Below are entries. Give back exactly the lines from the one containing "Vase S Brown Black Pure H39cm (ブラウン)" through the one containing "Chevrolet Camaro Rs", inclusive, without the pictures.

• _SOURCE MATERIAL_:
##############################

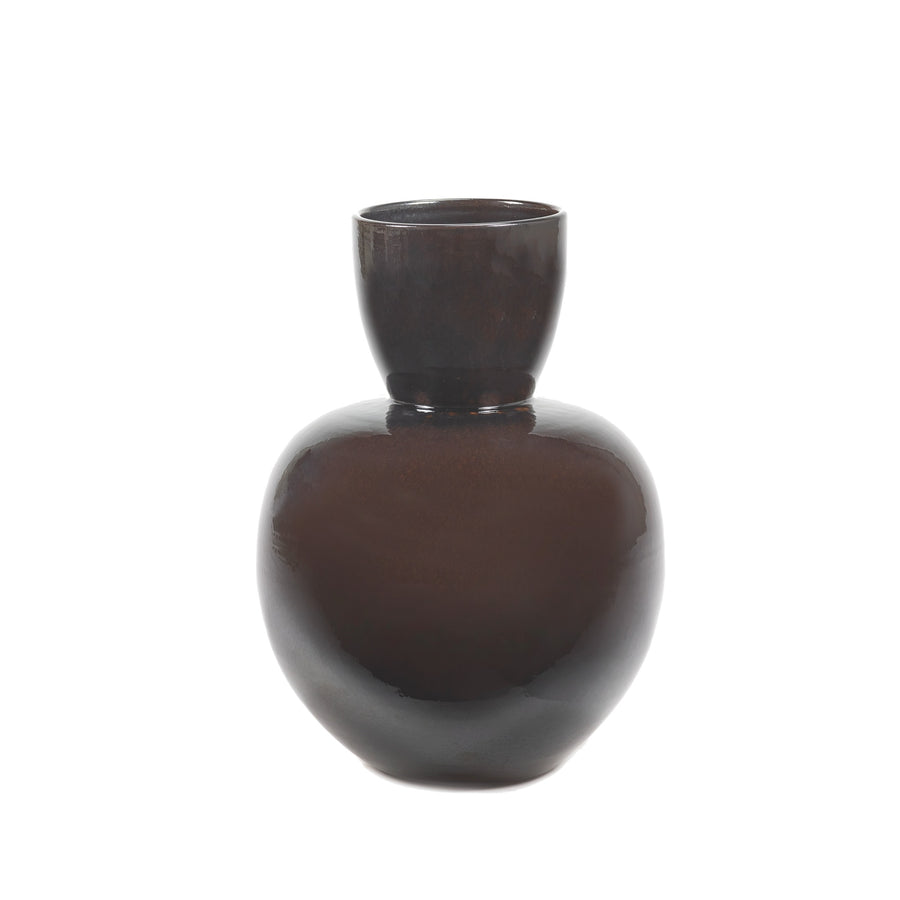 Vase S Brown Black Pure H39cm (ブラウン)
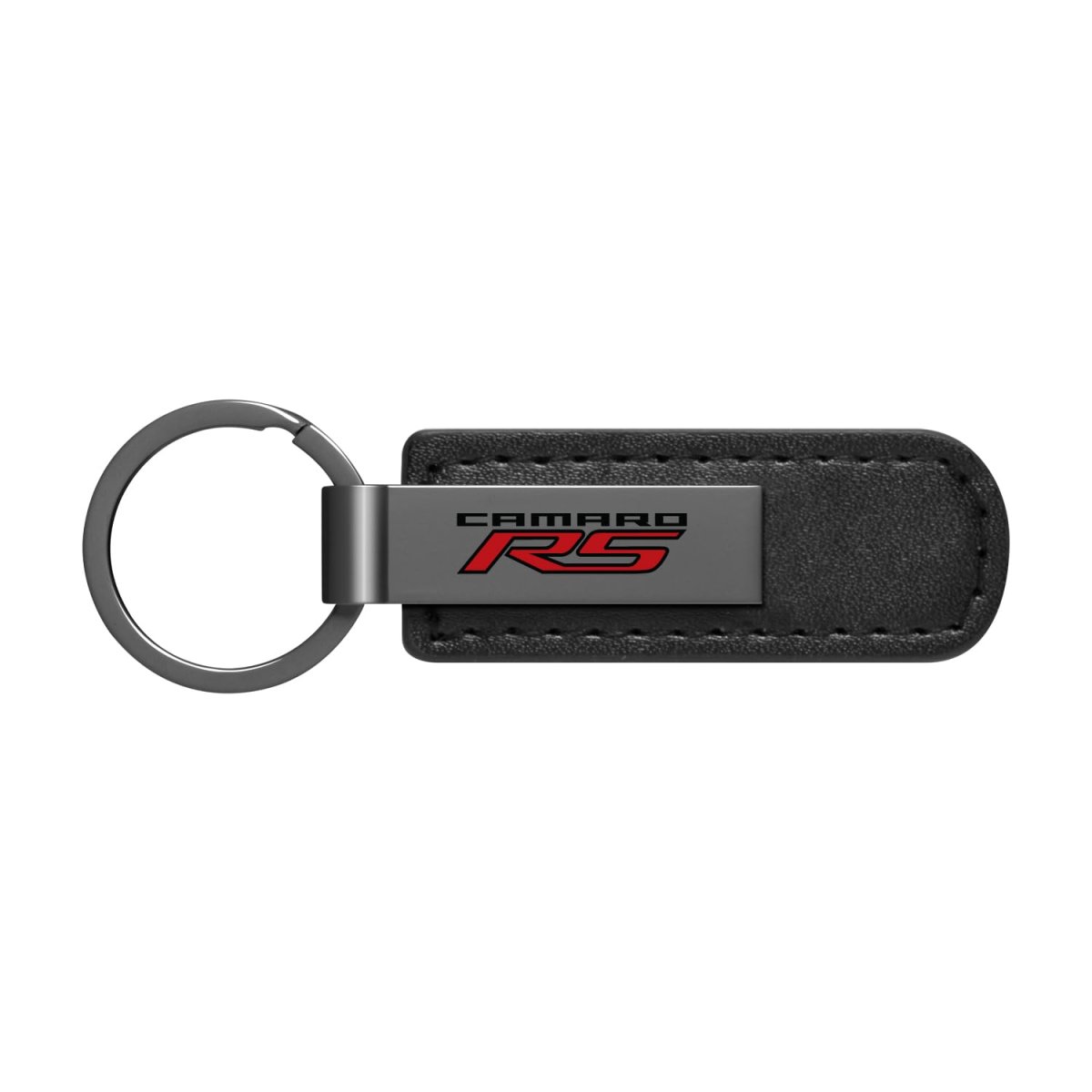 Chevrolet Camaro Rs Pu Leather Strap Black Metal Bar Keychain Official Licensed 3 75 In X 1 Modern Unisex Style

##############################

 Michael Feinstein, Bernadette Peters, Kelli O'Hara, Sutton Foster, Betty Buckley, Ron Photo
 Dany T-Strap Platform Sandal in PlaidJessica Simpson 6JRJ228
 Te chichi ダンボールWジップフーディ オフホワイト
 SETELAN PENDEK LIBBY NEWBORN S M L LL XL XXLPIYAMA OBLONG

##############################

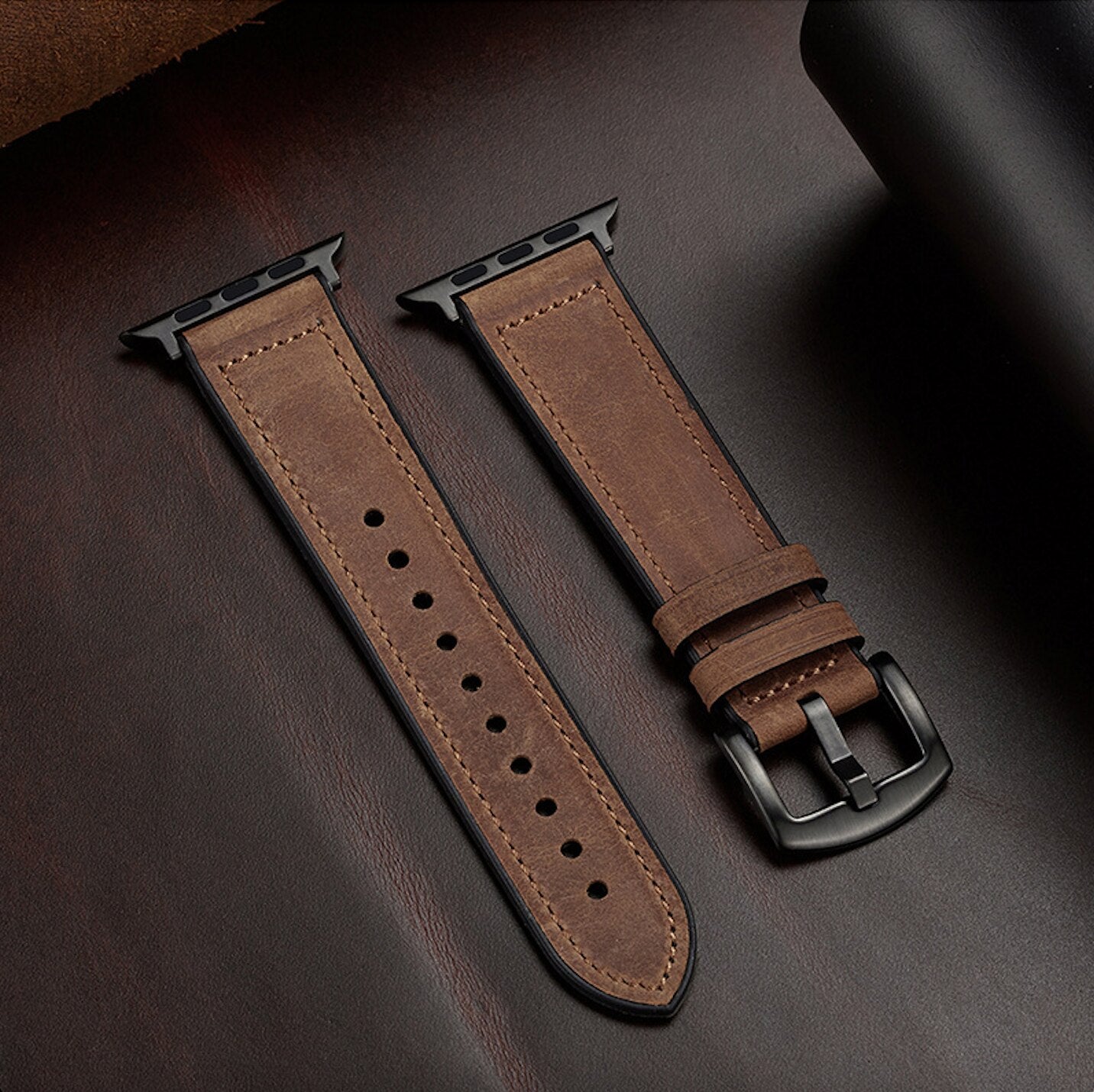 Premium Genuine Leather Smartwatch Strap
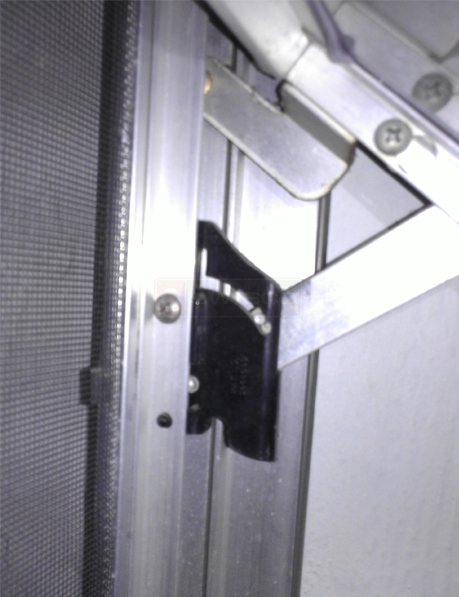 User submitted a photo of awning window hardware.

##############################

• _OUTPUT OF THE TASK_:
 Vase S Brown Black Pure H39cm (ブラウン)
 Chevrolet Camaro Rs Pu Leather Strap Black Metal Bar Keychain Official Licensed 3 75 In X 1 Modern Unisex Style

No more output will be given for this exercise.